## WHAT YOU SHOULD DO
All records below are to be repeated precisely, with nothing added.

Short descriptive text snippets:
-- Opening Marker --

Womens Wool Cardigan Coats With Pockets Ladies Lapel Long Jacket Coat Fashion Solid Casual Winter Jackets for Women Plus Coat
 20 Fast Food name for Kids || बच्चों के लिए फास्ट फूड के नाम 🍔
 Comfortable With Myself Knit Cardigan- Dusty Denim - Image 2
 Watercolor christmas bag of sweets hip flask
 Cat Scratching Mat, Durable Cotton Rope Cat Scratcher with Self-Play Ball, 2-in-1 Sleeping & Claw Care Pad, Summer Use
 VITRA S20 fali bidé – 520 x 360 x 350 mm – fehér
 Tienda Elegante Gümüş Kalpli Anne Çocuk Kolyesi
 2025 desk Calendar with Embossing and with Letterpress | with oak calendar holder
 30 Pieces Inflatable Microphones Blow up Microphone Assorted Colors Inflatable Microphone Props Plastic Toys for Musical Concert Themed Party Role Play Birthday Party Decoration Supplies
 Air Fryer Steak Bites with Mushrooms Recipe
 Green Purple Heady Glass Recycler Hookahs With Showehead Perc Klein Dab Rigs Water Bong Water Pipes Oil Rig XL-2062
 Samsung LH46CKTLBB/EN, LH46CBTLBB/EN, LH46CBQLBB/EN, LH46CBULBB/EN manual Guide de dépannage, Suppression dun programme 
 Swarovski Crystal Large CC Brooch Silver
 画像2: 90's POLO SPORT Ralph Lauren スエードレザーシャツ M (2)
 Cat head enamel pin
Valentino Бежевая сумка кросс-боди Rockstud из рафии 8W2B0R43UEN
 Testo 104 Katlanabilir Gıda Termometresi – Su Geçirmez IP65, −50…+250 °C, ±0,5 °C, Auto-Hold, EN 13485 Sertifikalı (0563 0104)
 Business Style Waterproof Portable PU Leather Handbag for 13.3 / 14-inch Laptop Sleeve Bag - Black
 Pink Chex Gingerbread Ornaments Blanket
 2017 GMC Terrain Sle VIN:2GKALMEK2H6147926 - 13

-- Closing Marker --

## REPLY
Womens Wool Cardigan Coats With Pockets Ladies Lapel Long Jacket Coat Fashion Solid Casual Winter Jackets for Women Plus Coat
 20 Fast Food name for Kids || बच्चों के लिए फास्ट फूड के नाम 🍔
 Comfortable With Myself Knit Cardigan- Dusty Denim - Image 2
 Watercolor christmas bag of sweets hip flask
 Cat Scratching Mat, Durable Cotton Rope Cat Scratcher with Self-Play Ball, 2-in-1 Sleeping & Claw Care Pad, Summer Use
 VITRA S20 fali bidé – 520 x 360 x 350 mm – fehér
 Tienda Elegante Gümüş Kalpli Anne Çocuk Kolyesi
 2025 desk Calendar with Embossing and with Letterpress | with oak calendar holder
 30 Pieces Inflatable Microphones Blow up Microphone Assorted Colors Inflatable Microphone Props Plastic Toys for Musical Concert Themed Party Role Play Birthday Party Decoration Supplies
 Air Fryer Steak Bites with Mushrooms Recipe
 Green Purple Heady Glass Recycler Hookahs With Showehead Perc Klein Dab Rigs Water Bong Water Pipes Oil Rig XL-2062
 Samsung LH46CKTLBB/EN, LH46CBTLBB/EN, LH46CBQLBB/EN, LH46CBULBB/EN manual Guide de dépannage, Suppression dun programme 
 Swarovski Crystal Large CC Brooch Silver
 画像2: 90's POLO SPORT Ralph Lauren スエードレザーシャツ M (2)
 Cat head enamel pin
Valentino Бежевая сумка кросс-боди Rockstud из рафии 8W2B0R43UEN
 Testo 104 Katlanabilir Gıda Termometresi – Su Geçirmez IP65, −50…+250 °C, ±0,5 °C, Auto-Hold, EN 13485 Sertifikalı (0563 0104)
 Business Style Waterproof Portable PU Leather Handbag for 13.3 / 14-inch Laptop Sleeve Bag - Black
 Pink Chex Gingerbread Ornaments Blanket
 2017 GMC Terrain Sle VIN:2GKALMEK2H6147926 - 13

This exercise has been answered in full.